Darkmans sees a dysfunctional family in Ashford, Kent, haunted by John Scogin, Edward IV's court jester.
Anne Enright - The Gathering
Anne Enright
The Irish author has published three previous novels including the Whitbread-nominated What Are You Like? in 2000. She has also released Making Babies, her light-hearted diaries of motherhood.
The Gathering is about an Irish woman who is prompted by her brother's suicide to revisit three generations of bleak history of her large, dysfunctional family.
Mohsin Hamid - The Reluctant Fundamentalist
Mohsin Hamid
Hailing from Pakistan, Hamid studied at Princeton and Harvard in the US before working as a management consultant in New York.
In The Reluctant Fundamentalist, his second novel, a Pakistani Princeton graduate becomes a high-flyer in Manhattan. But he discovers a different side to his adopted home and his own beliefs after the 11 September attacks.
Lloyd Jones - Mister Pip
Lloyd Jones
New Zealander Lloyd Jones has been gathering attention and acclaim since his first novel was published 22 years ago.
Mister Pip, about a girl on a war-torn South Pacific island who becomes enthralled by Charles Dickens' Great Expectations, won the Commonwealth Writers' Prize Overall Best Book Award 2007.
Ian McEwan - On Chesil Beach
Ian McEwan
A Booker favourite, McEwan has been shortlisted for the award three times, winning in 1998 for Amsterdam. Many of his novels have been adapted for the big screen, with Atonement, starring Keira Knightley, in the cinemas at the moment.
Set in 1960s England, On Chesil Beach tells the story of Edward and Florence, a young couple anticipating the first night of their honeymoon - and the impact it has on the rest of their married lives. It is the bookmakers' favourite for the prize.

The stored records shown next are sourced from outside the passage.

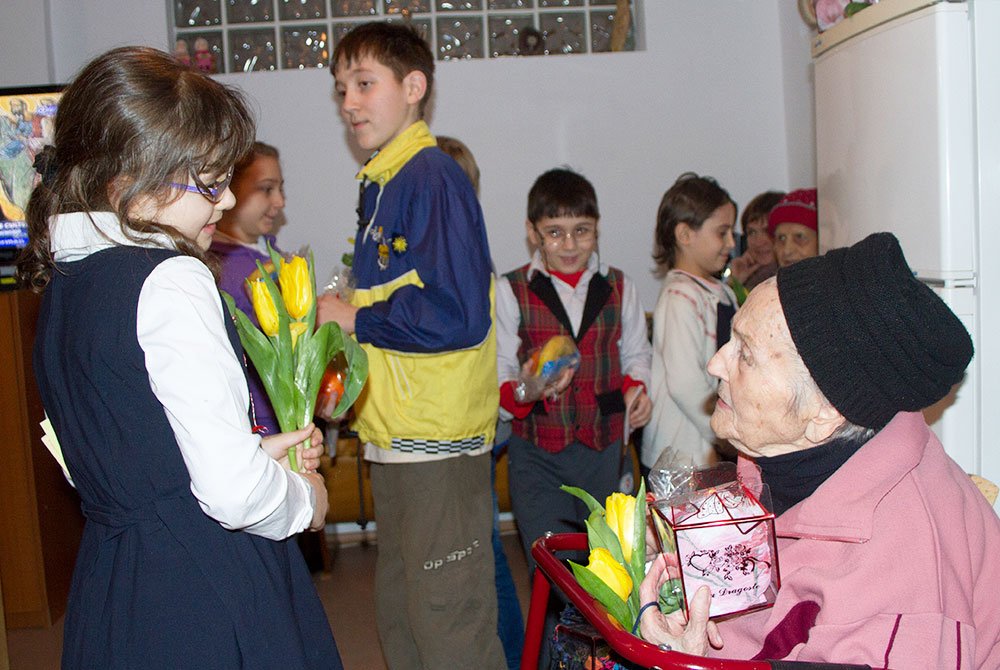 Daruri pentru persoanele vârstnice de la aşezământul Mănăstirii Christiana 80536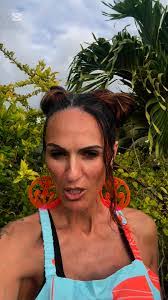 Karin Scott's Instagram, Twitter & Facebook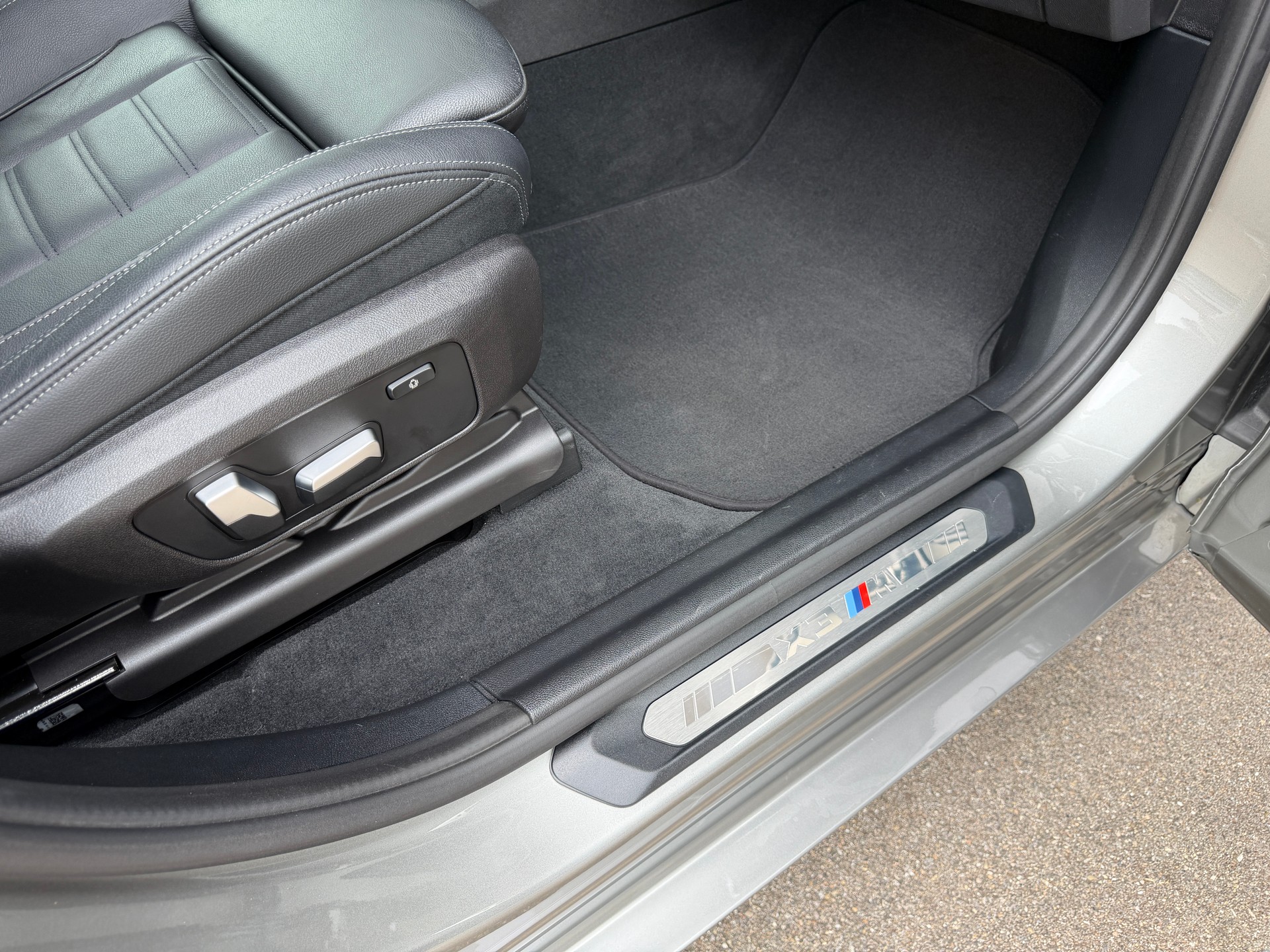 BMW X3 xDrive M Steptronic-image-18
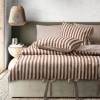 Lenjerie pat dublu bumbac 100% ranforce MySleep Scorțișoară ecru cu dungi cărămizii și funde decorative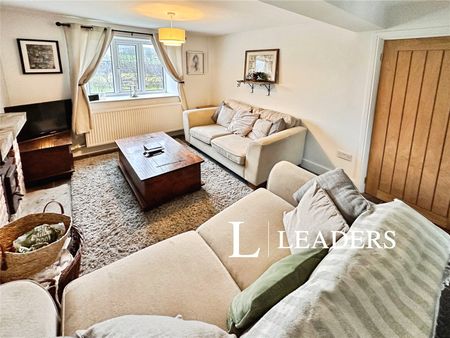 3 bedroom cottage to rent Winkhill, Leek, ST13 - Photo 2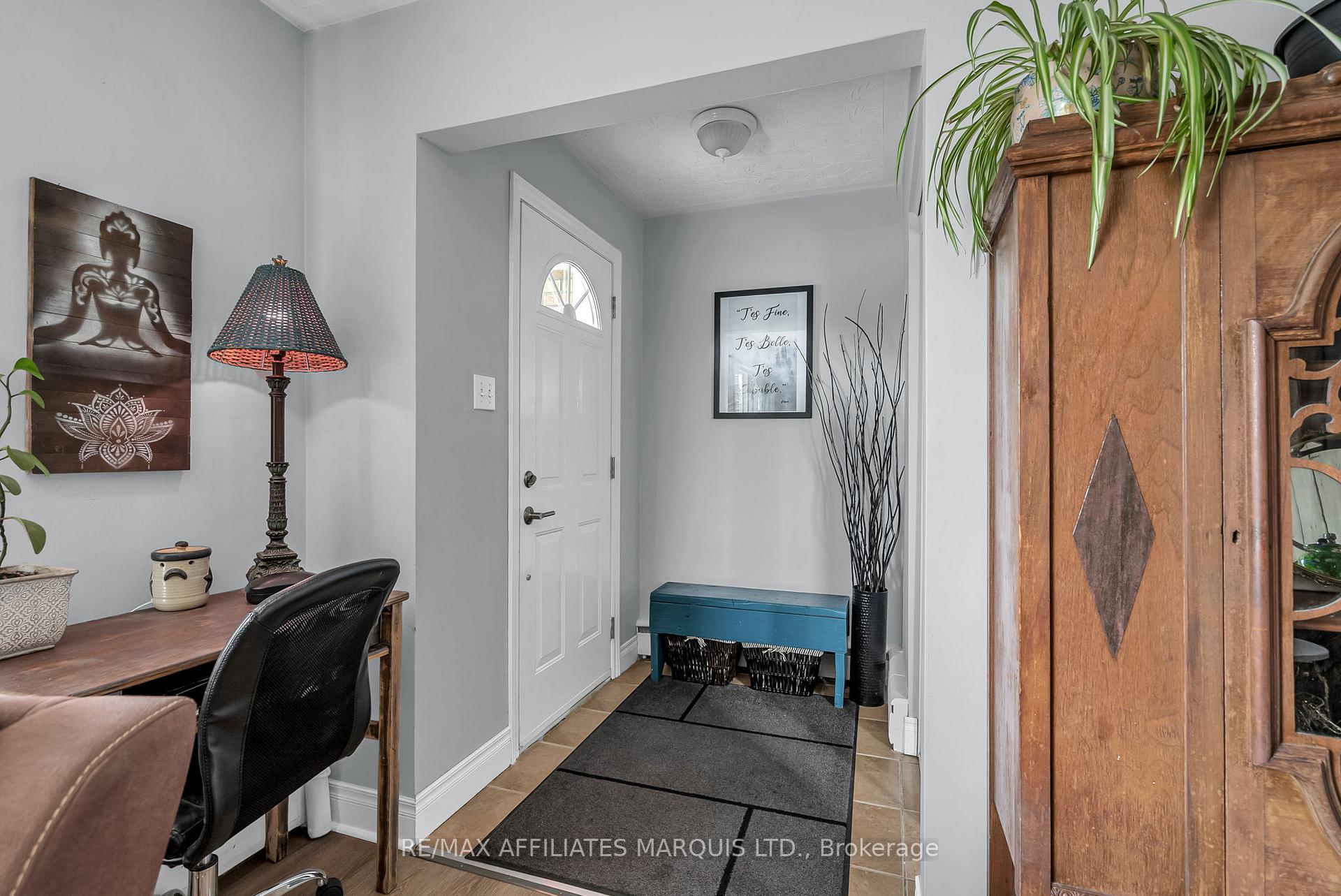 Photo 3 of 21 Crescent View Drive, Cornwall — HOMEH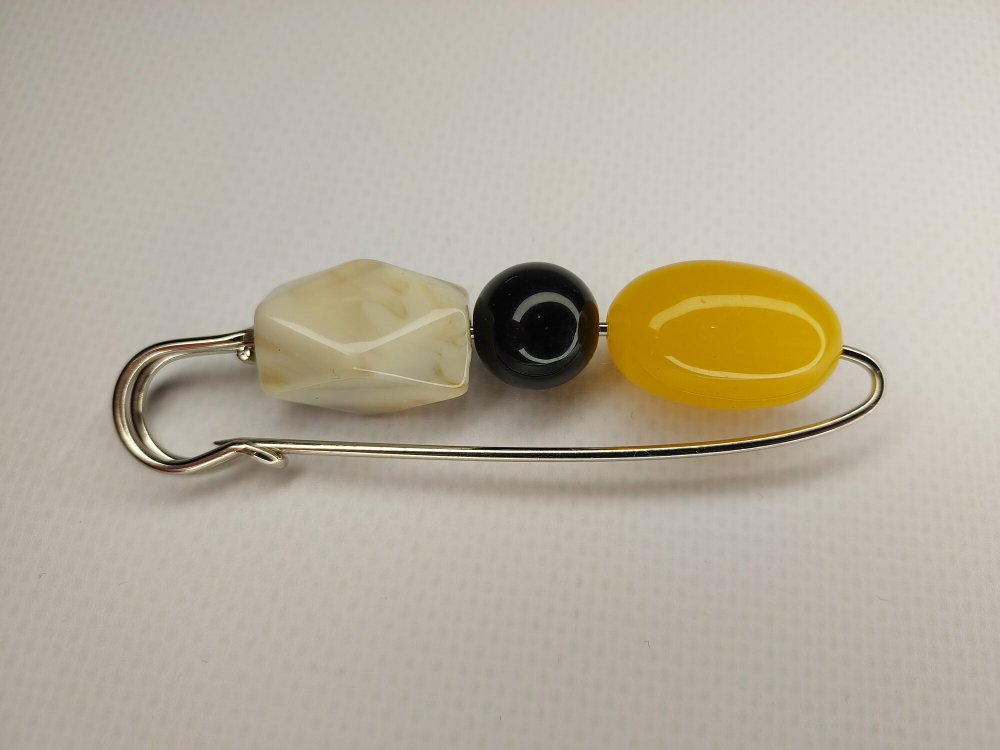 Булавка брошь "Уютные камушки" Булавка для кардигана, пальто, платков, костюмов, одежды. Цвет жёлтый белый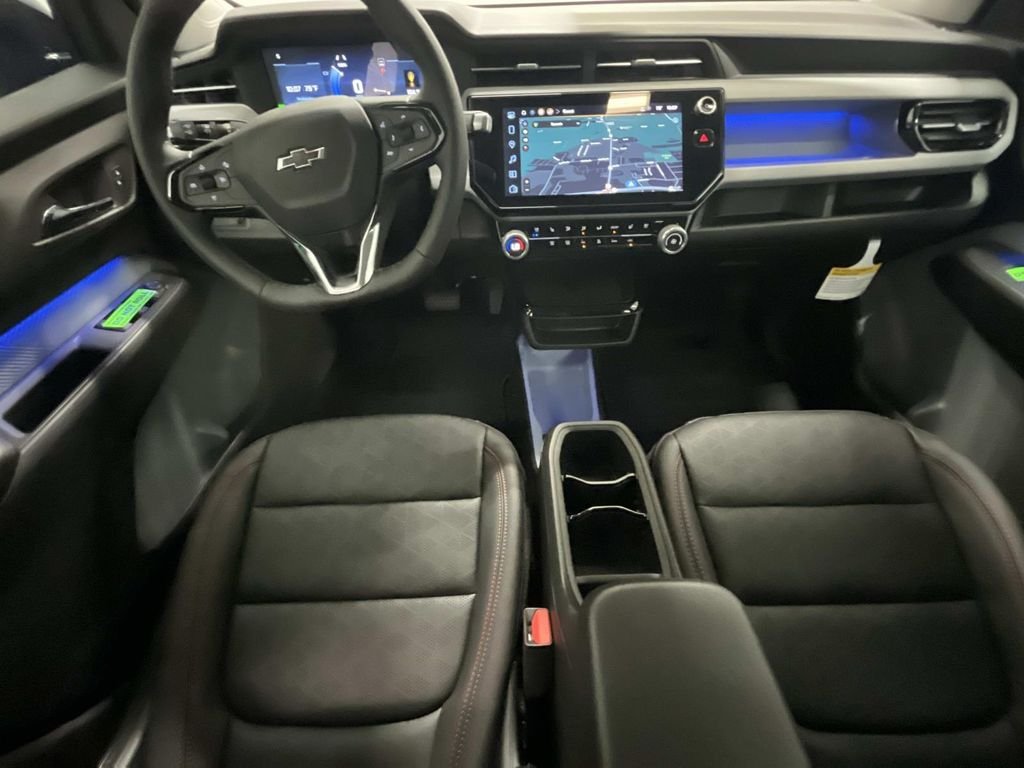 2027 Chevrolet Bolt RS - Photo 13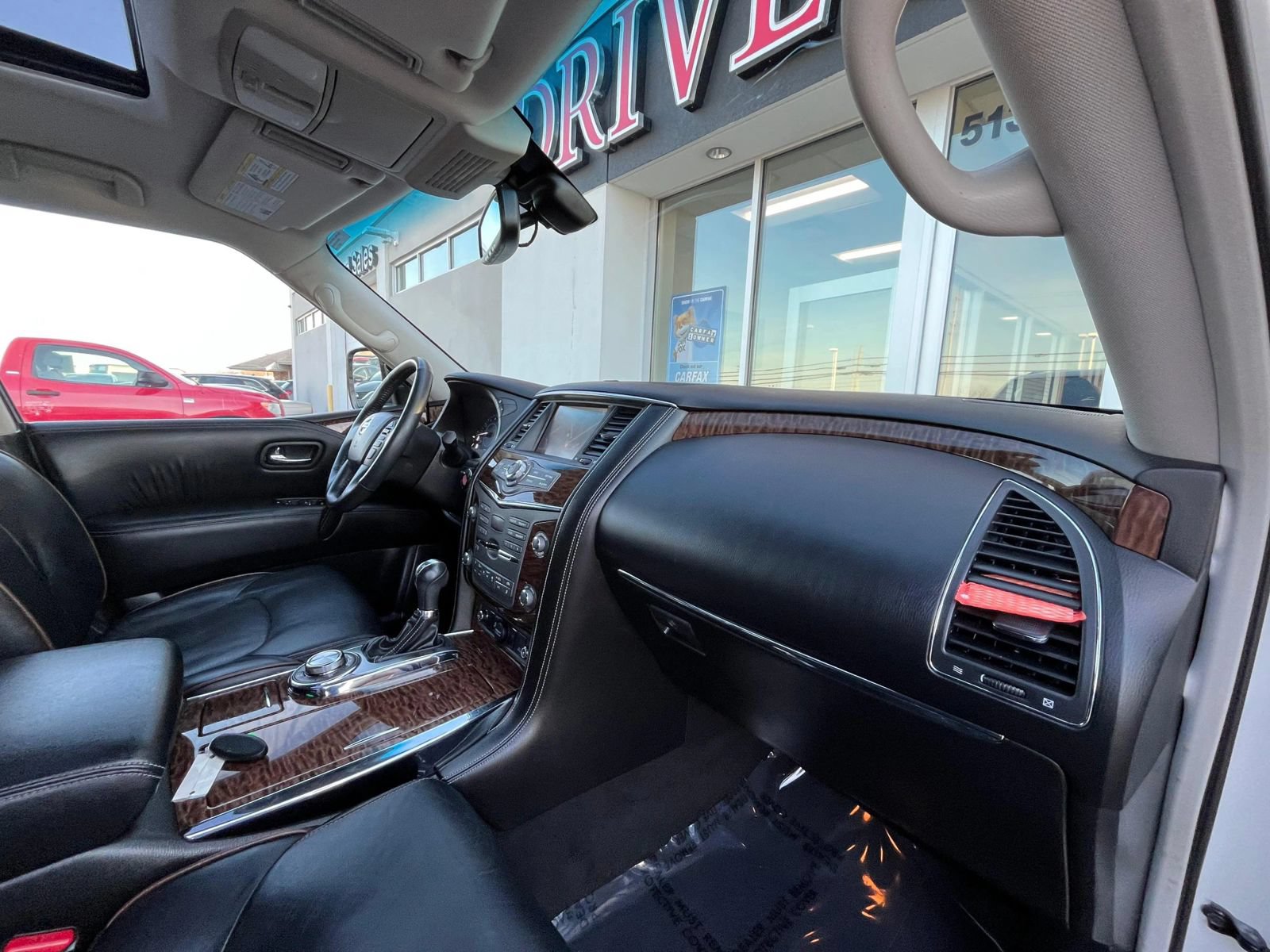 Used 2017 Nissan Armada Platinum AWD/4WD image 25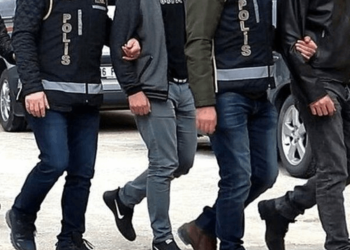 Seçim öncesi Diyarbakır'da operasyon: Avukatlar ve STK temsilcilerinin aralarında olduğu 150'ye yakın kişi gözaltına alındı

Indra Sinha - Animal's People
Indra Sinha
Sinha was born in India and educated in the UK, where he went on to become an advertising copywriter and published a translation of the Kama Sutra.
The 1984 industrial disaster in Bhopal forms the setting for the story, about a man who was left with mental and physical defects after such a catastrophe. It is partly based on the life of Sunil Kumar, who committed suicide aged 34 last year.